── Extracted information ──

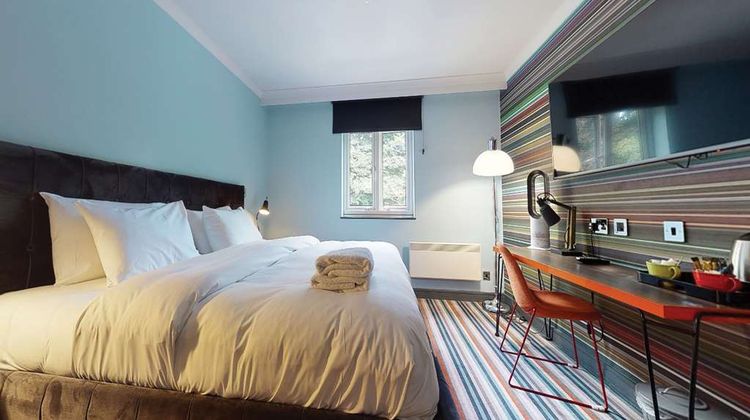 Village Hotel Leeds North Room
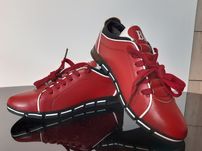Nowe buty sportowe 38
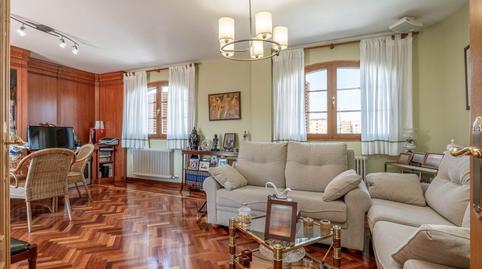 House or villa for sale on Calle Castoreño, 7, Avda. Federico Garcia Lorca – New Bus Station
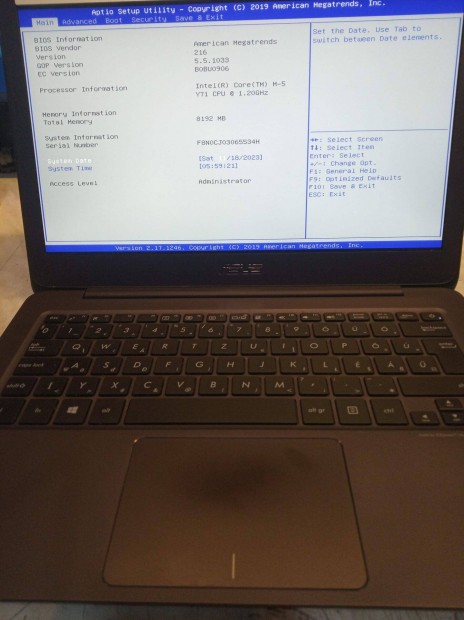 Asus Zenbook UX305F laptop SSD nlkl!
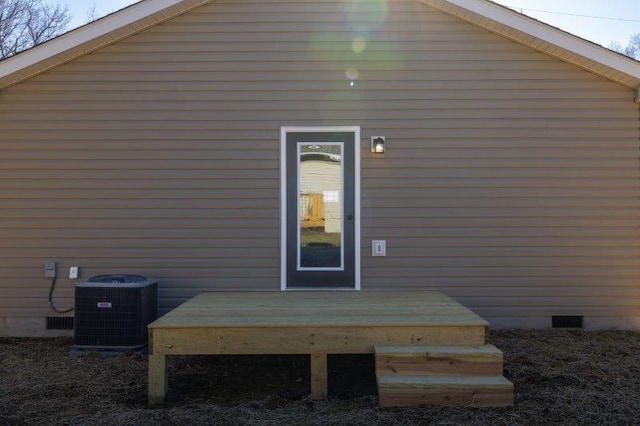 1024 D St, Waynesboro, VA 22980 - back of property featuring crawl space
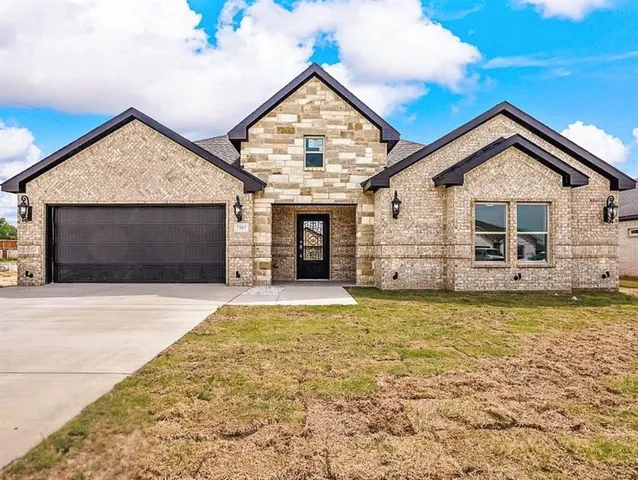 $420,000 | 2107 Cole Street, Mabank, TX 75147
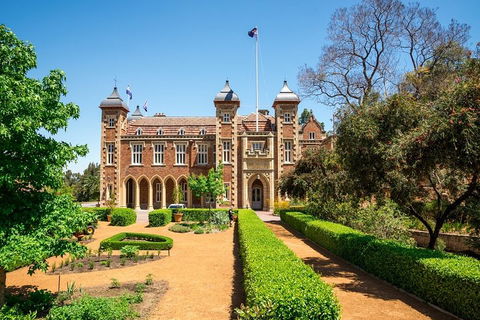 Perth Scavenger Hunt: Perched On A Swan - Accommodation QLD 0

───

* What to produce: What you should produce is an exact copy of the records, with the pictures left out.

* Result for this exercise:
 Village Hotel Leeds North Room
Nowe buty sportowe 38
 House or villa for sale on Calle Castoreño, 7, Avda. Federico Garcia Lorca – New Bus Station
 Asus Zenbook UX305F laptop SSD nlkl!
 1024 D St, Waynesboro, VA 22980 - back of property featuring crawl space
 $420,000 | 2107 Cole Street, Mabank, TX 75147
 Perth Scavenger Hunt: Perched On A Swan - Accommodation QLD 0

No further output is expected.